Well, here’s our take on pricing:
1. In our view, you never drop price on a product unless you accept that your value proposition for consumers has dissolved. (Note: this is not always a bad thing in itself. Most outdated technology based products cut price because new technology offers a better value proposition.)
2. Reducing prices to gain volumes and market share is a no-no. Reducing prices to protect against emerging competition is a bigger no-no.
3. On the other hand, price increases is an equally contentious subjects to us. Most companies in the past few months have raised prices on account of “raw material price increases.” Crap!
Crap, because raw material prices are now decreasing, but no one is reducing prices. So it appears that raw material based price increases are only crutches for a marketing team lame on good ideas and a company lame on good products.
Increase prices if you believe you have increased value. If you are following raw material prices in your pricing strategy, make sure you REALLY follow it. In both directions.
4. Essentially, you launch a product at a price point. You maintain it. If you’re creating strong demand, you will have the opportunity to raise prices.

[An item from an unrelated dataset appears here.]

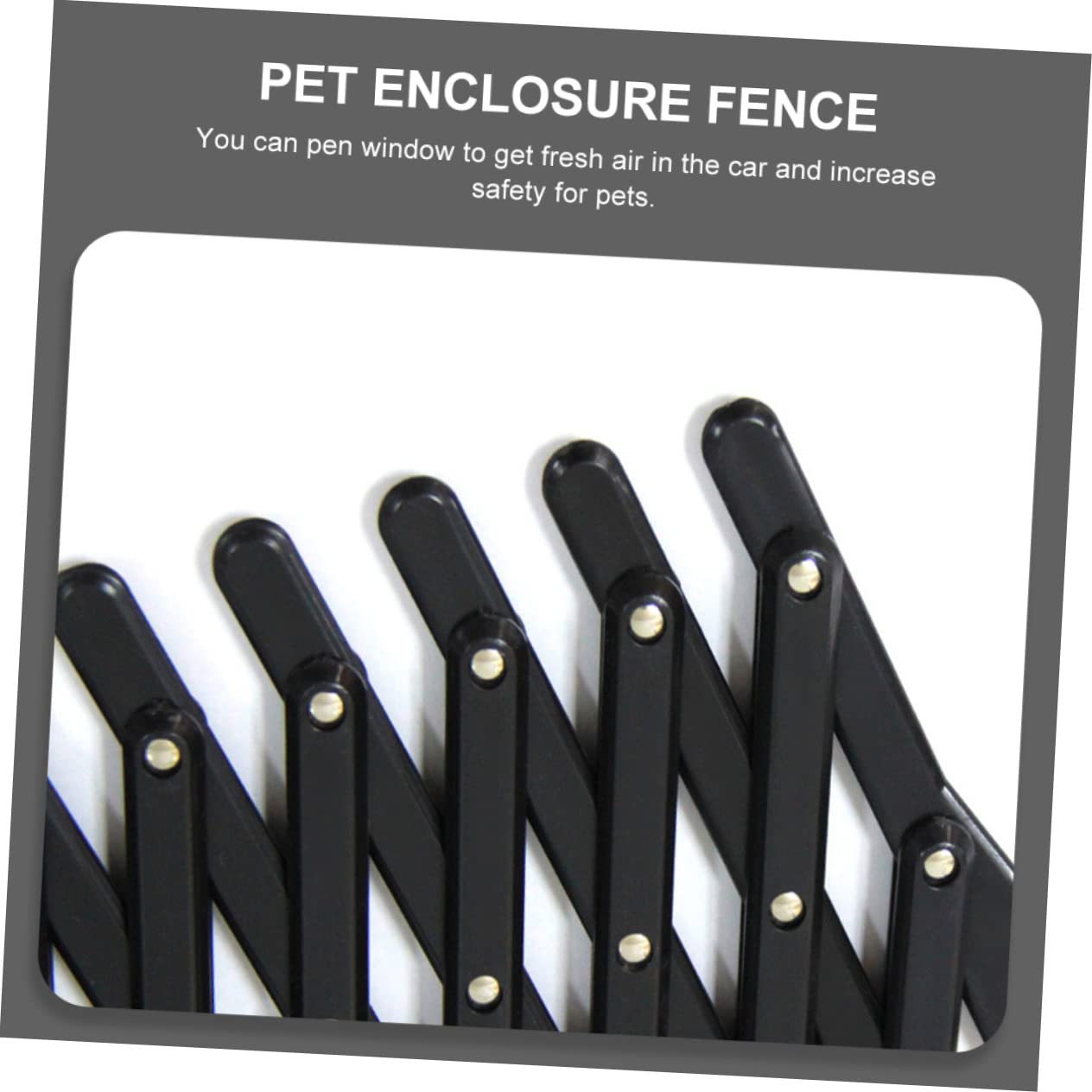 FONDOTIN Retractable Pet Fence for Car Window Safety Gate Buckle Slot Dog Fence Window Easy Install Carry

However, if entry barriers are low, high margins will attract other competitors. Then either you look for more differentiation to justify high prices (this is good and the basis of all marketing) or you drop prices (which takes us to point 2).
Coming back to Gillette. By not reducing prices of its Fusion shaving system blades, what is Gillette signalling to Venkat?
1. You Venkat, who bought the product for over a year at price X, need not feel that you were overcharged.
2. Because the economy is bad, does not mean our product is any worse.
3. Because the economy is bad, does not mean you, our customer shouldn’t have the best shave money can buy. You might as well stop buying toothpaste and chew on the bark of a “neem” tree.
4. You may choose not to buy the fusion. And we have a number of other products you could choose from. But when you’re feeling better, and think you’re ready to go back to the best, we’ll be waiting.
As a side note: another interesting “premium” brand Louis Vuitton has never had a price promotion (or any sales promotion) in its history. Never.
A price premium position takes years of R&D, marketing, sales efforts to develop.
Once you discount a brand, the expectation of future discounts will always remain. You will never again be completely trusted. There is no way to calculate the current value of these future discounts when taking a price reduction decision.
So Gillette, we salute you. Venkat may not buy a fusion blade for a while, but he will again, one day.
However, Gillette we pick fault with your advertising approach at this time. Your communication now is “In the world of high-performance, what machine can you run for as little as a dollar a week?” Why try to play down your price?
Premium products should never walk that path. Premium products charge a premium for an outstanding product experience. Period.
We would have focused the Gillette ad on the best shave a man can get.
“Sure the world’s looking pretty bleak now… even more reason you pamper yourself in the small ways that you can.”